神野紗希さんは、俳人・神野紗希のできるまでを、今日までに出会った俳句とその学びを中心にご自身の経験をまじえて清々しく語られたのだった。
「柿衞文庫を修復するこの機会に、桂信子賞は、この第11回をもってひとまず終わりにしたい。修復後に再会するかどうかをかんがえたい」
とご挨拶。
わたしは驚き、会場も一瞬どよめく。
受賞者の神野紗希さんとはご縁がふかく、この受賞をとても喜んでおられた坪内さんである。
選考委員の宇多喜代子さん。
「桂信子賞は終わりとなるが、終わりは始まりである、とわたしは思っている。若い人たちを中心にきっと再開されるのではないか」
「97歳の現役俳人と36歳の若い俳人、おふたりの受賞をともに喜びたい」
選考委員の黒田杏子さん。
受賞された瀬戸内寂聴さんとの出会いから今日までの交流の日々を、深い思いをもって語られた。日頃聞けないような驚くべきエピソードが満載で会場はしいんと聞き入っていた。

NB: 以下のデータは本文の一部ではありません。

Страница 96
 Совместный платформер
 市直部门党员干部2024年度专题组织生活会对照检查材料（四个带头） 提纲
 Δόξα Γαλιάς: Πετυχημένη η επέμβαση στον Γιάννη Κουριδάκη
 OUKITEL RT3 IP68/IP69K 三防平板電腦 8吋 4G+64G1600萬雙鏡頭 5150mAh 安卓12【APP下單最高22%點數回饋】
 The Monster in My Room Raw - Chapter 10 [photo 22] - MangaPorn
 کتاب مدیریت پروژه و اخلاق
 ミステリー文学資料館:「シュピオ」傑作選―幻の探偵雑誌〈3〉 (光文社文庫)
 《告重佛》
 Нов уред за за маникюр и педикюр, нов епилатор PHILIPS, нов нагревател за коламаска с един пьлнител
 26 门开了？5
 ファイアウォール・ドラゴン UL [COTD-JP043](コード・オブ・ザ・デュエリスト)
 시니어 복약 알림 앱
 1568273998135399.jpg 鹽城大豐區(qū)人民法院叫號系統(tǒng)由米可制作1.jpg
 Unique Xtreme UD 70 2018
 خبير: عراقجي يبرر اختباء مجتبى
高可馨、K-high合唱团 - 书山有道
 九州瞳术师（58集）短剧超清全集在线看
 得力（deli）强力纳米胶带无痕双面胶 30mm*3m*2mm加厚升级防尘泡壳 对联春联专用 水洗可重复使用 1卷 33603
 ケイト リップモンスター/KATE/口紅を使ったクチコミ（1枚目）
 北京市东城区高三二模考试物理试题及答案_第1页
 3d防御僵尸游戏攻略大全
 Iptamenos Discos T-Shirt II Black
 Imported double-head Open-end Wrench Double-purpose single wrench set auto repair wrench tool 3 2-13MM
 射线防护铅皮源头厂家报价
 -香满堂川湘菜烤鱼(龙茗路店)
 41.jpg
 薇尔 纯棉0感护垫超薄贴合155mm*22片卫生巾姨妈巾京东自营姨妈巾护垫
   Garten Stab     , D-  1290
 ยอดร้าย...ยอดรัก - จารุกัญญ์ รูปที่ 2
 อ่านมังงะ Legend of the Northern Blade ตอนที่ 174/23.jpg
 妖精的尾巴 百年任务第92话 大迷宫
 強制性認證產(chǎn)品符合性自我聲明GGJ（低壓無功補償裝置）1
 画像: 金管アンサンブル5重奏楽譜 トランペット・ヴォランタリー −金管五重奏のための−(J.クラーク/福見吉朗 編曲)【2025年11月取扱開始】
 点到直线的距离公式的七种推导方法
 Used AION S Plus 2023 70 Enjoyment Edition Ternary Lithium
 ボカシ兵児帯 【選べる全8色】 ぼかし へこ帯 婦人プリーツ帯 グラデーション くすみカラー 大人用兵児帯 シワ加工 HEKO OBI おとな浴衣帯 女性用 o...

「紗希さんを見ていると、しなやかに自然にやっている、いい時代になったのだなあと思う。我々の母親や我々が俳句をつくり続けてきので、今の紗希さんがあると思う」
欠席をされた選考委員である寺井谷子さんからは、送られたきたお祝いの言葉が代読された。
受賞者・神野紗希さんの講演。
「俳句と出会ったのは16歳、そしていま思うのは、俳句は否定の詩ではなく肯定の詩であるということです」
若い受賞者である神野紗希さんに会場は惜しみない拍手をおくっていた。
記念撮影。
いまは女が力を持って元気である。だから、女だけのイベントや、女だけのなにか、ということに男性側から逆差別ではないか、というような発言もあるようだ。そういうことからいえば、これからは男女にあまねく平等に開かれたもの、が要求されてくるのではないか。そんな発言もあった。たしかに見渡せば、女は元気いいなあ、老いも若きも、である。
理事長の坪内稔典さん、会場でも端の方で恥ずかしそうにしておられたのが、ちょっと今の時代を象徴しているようで、わたしはそういう存在のありようもいいなあと思いながら笑ってしまったのだった。
ごめんなさい、坪内さん。
席にすわって授賞式が始まるのをまっているとき、わたしの隣に座った女性が、「yamaokaさんですか。ブログ楽しみに毎日見てます」って声をかけて下さった。お名前をうかがったところ、「文葉(ふみよう)」さんと名乗られた。結社は「草樹」に入られていて、桂信子が亡くなったあととのこと、吉田成子さんについて俳句を学んでいるということだが、わたしは、ずっと前から存知上げている方のように、たのしくお喋りをしてしまった。
授賞式には、40人くらいの方が見えていた。その中には、存知上げている方々もいらっしゃってご挨拶をいただいたりしたのだった。
「桂信子賞」、再開はきっとあると思うが、ひとまず終わりというのが少し残念な思いでわたしは東京に戻ってきたのだった。